Available data below:

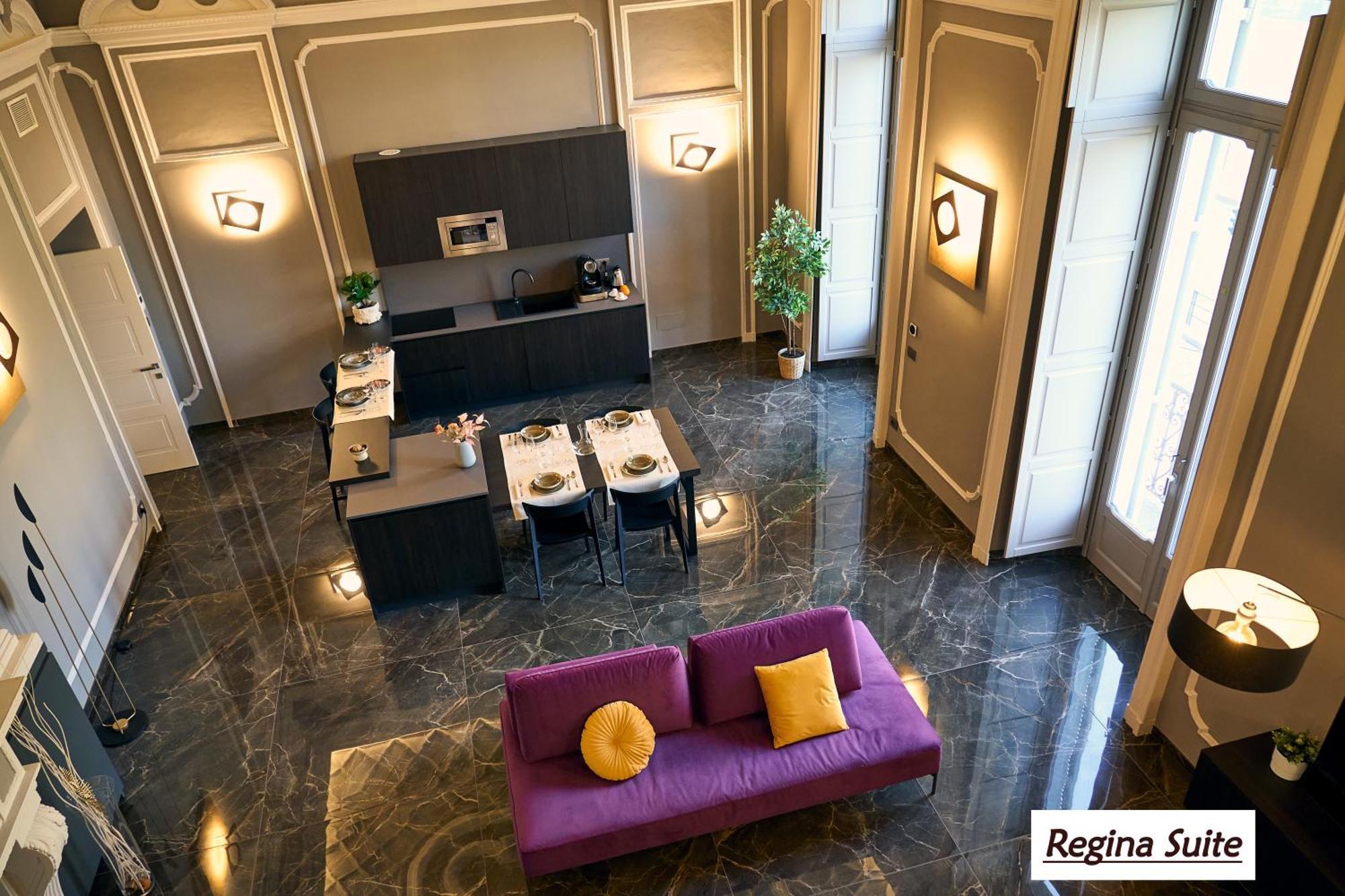 Superior King Suite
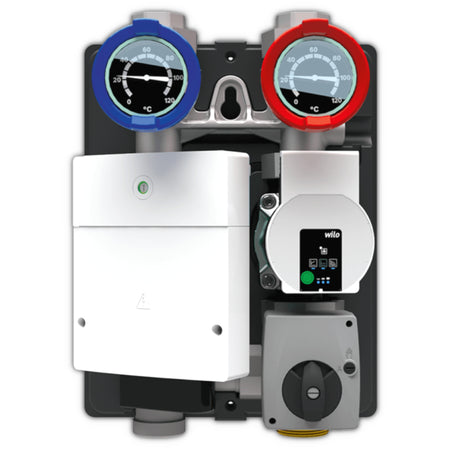 BUDERUS | Heizkreis-Paket Logaplus HK-WP1.2 | gemischt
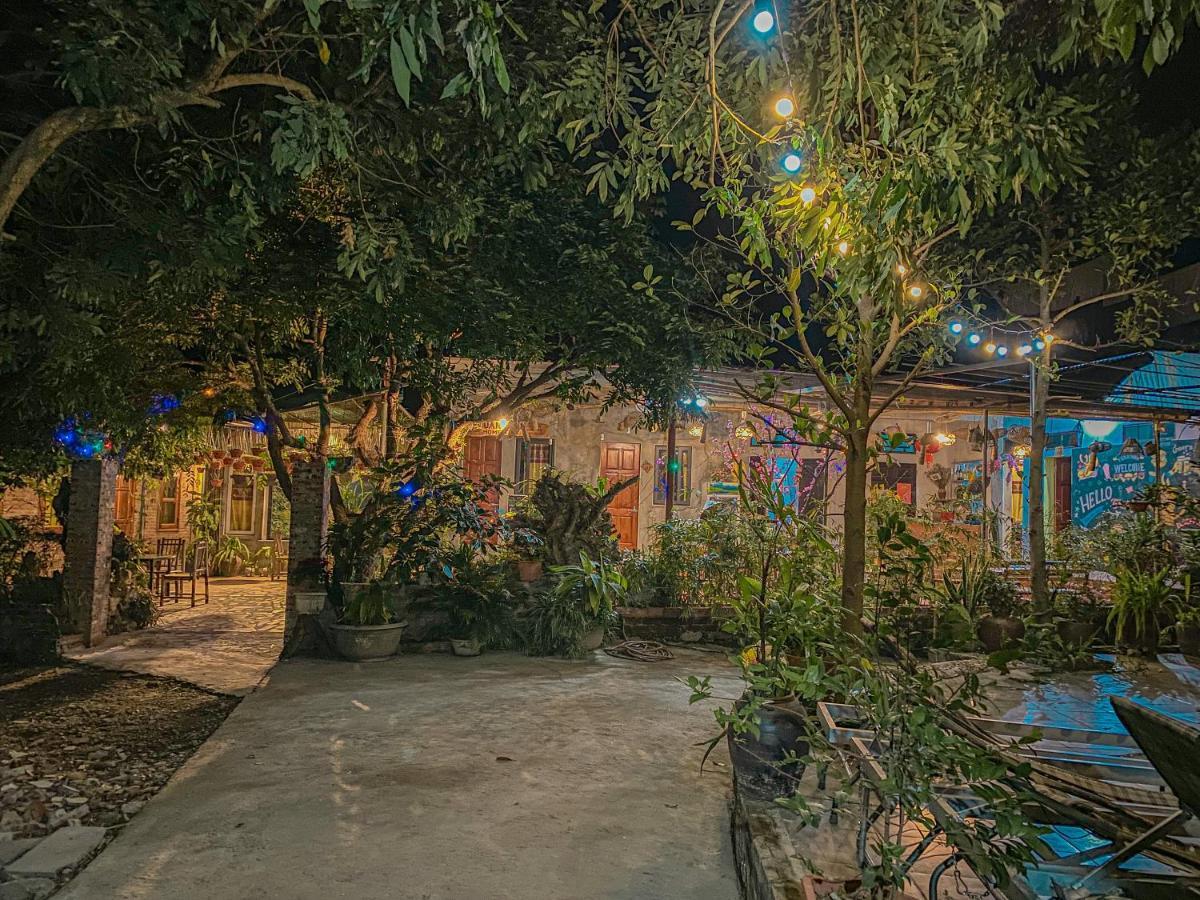 Tuan Nam Homestay Ninh Binh Exterior foto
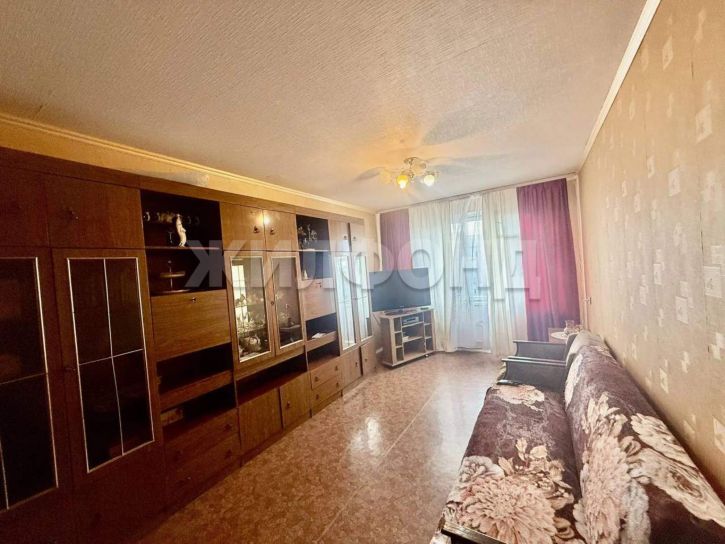 3-комн квартира Космонавтов бульвар, д.15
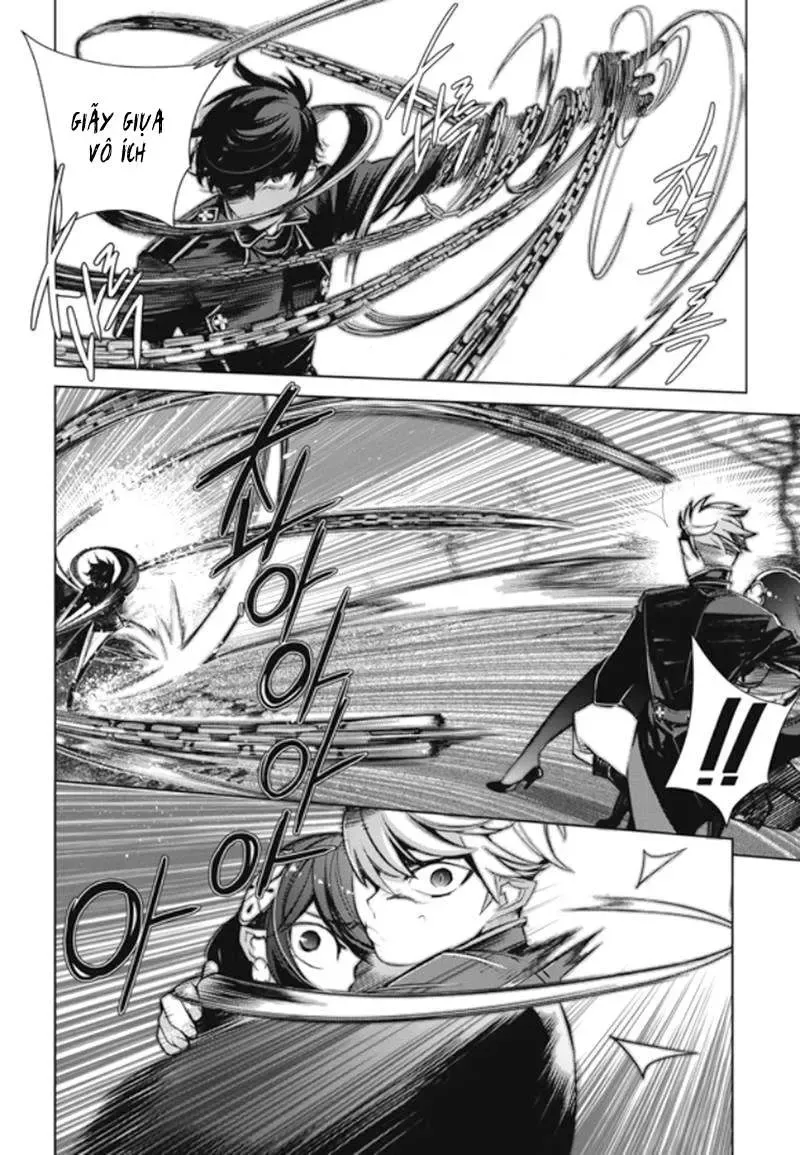 Cavalier Of The Abyss ( Hậu Truyện Immortal Regis) Chapter 147 - Trang 19
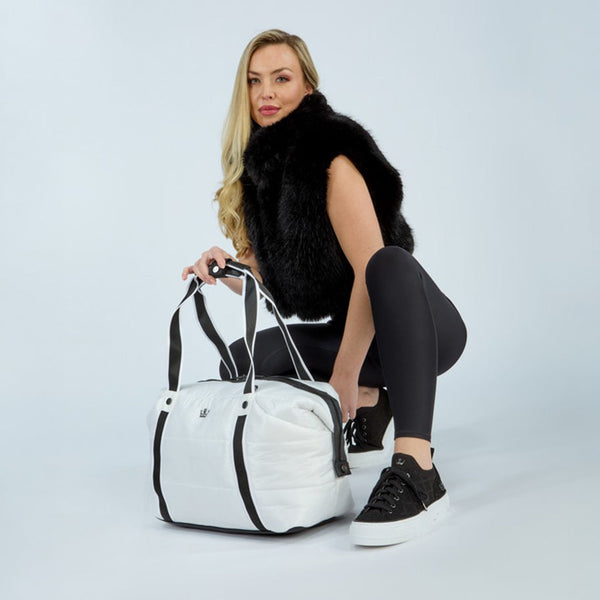 Mega Fluff Super Traveler Tote/Backpack - Travel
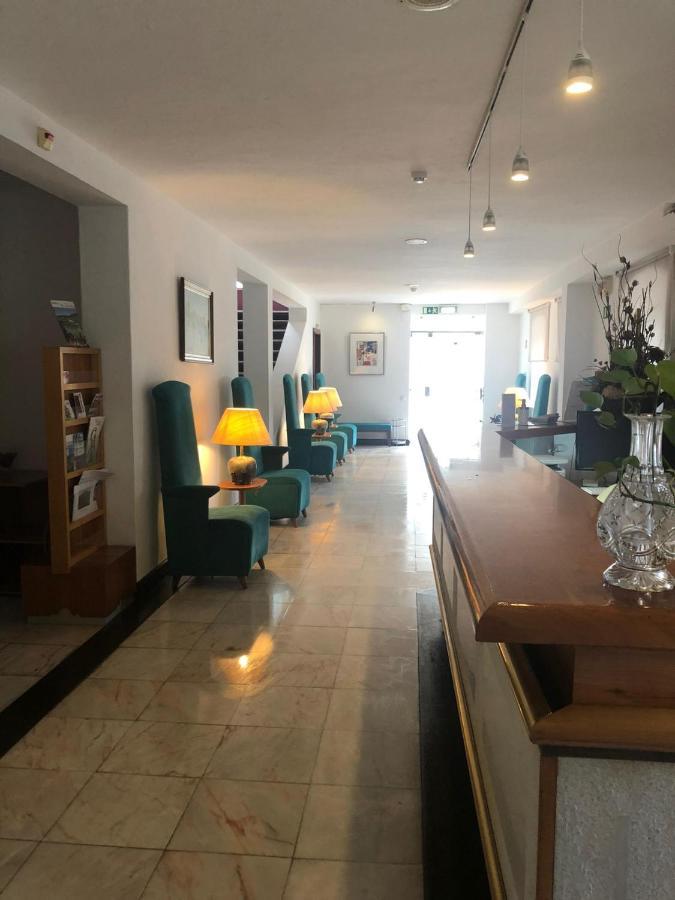 Hotel Castelo De Vide Bagian luar foto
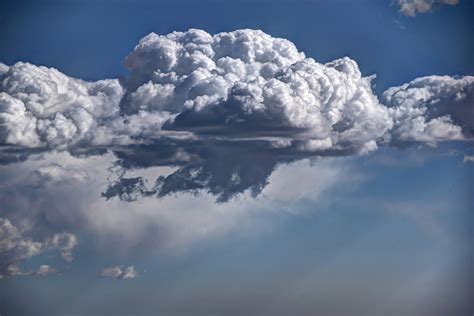 Large Cumulus Cloud Free Stock Photo Public Domain Pictures
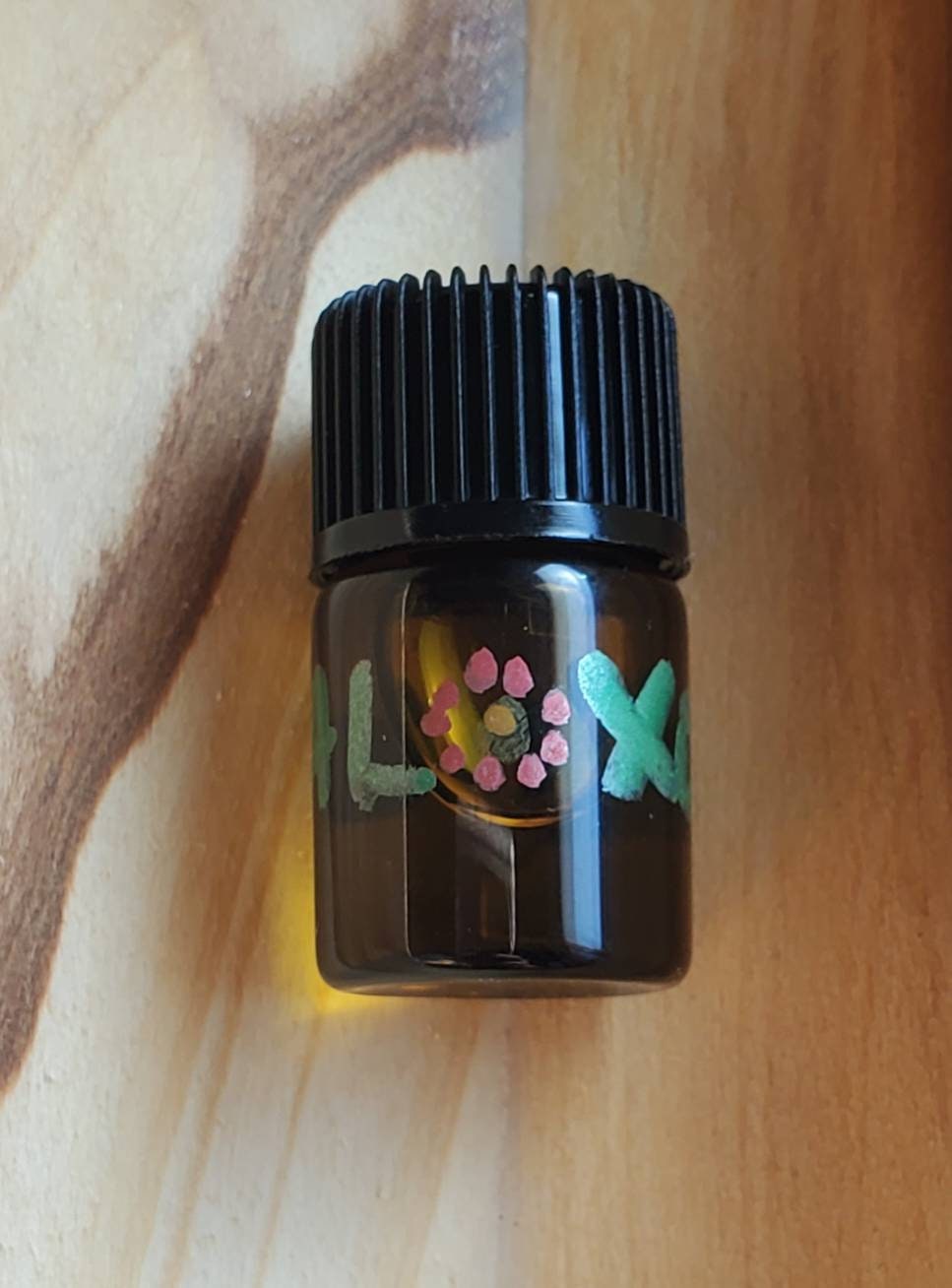 xochicopal Oil Blend-Copal Florido Blend with Camphor - Flowering Copal~Rare~Traditional Mexican Medicine -Concentrated~Good Rest~Sustainable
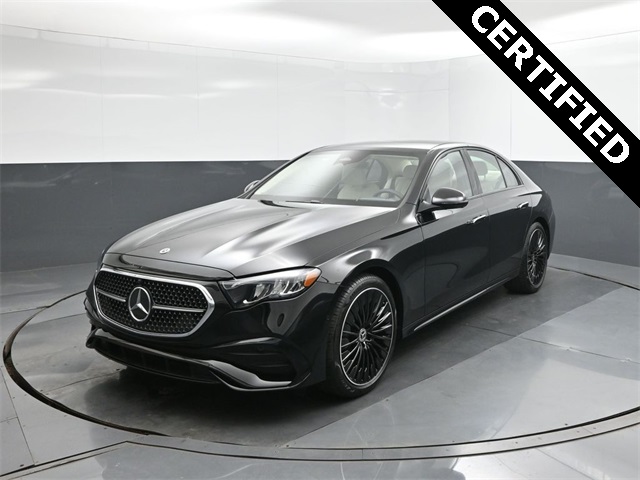 2026 Mercedes-Benz E-Class E 350 RWD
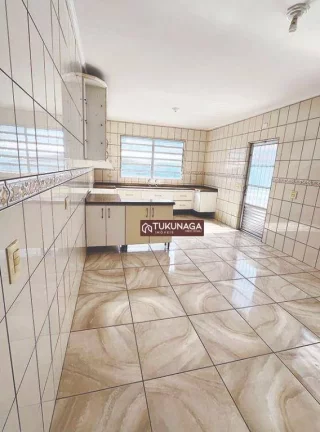 Imagem SOBRADO 187 M² - 4 DORMS, 2 SUÍTES, 5 VAGAS - VILA NOVA MAZZEI - SÃO PAULO/SP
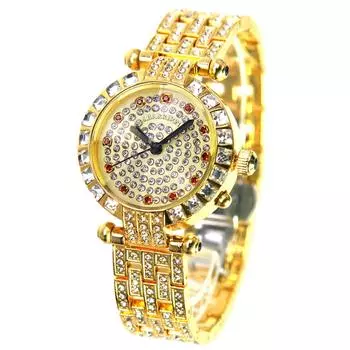 Часы Regular Import Gold [Je Harrison] JH-088L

End of Available data.

Please repeat exactly the lines from the one containing "Hotel Castelo De Vide Bagian luar foto" through the last line of the records, both included, and leave out the pictures.

#### Result for this exercise
 Hotel Castelo De Vide Bagian luar foto
 Large Cumulus Cloud Free Stock Photo Public Domain Pictures
 xochicopal Oil Blend-Copal Florido Blend with Camphor - Flowering Copal~Rare~Traditional Mexican Medicine -Concentrated~Good Rest~Sustainable
 2026 Mercedes-Benz E-Class E 350 RWD
 Imagem SOBRADO 187 M² - 4 DORMS, 2 SUÍTES, 5 VAGAS - VILA NOVA MAZZEI - SÃO PAULO/SP
 Часы Regular Import Gold [Je Harrison] JH-088L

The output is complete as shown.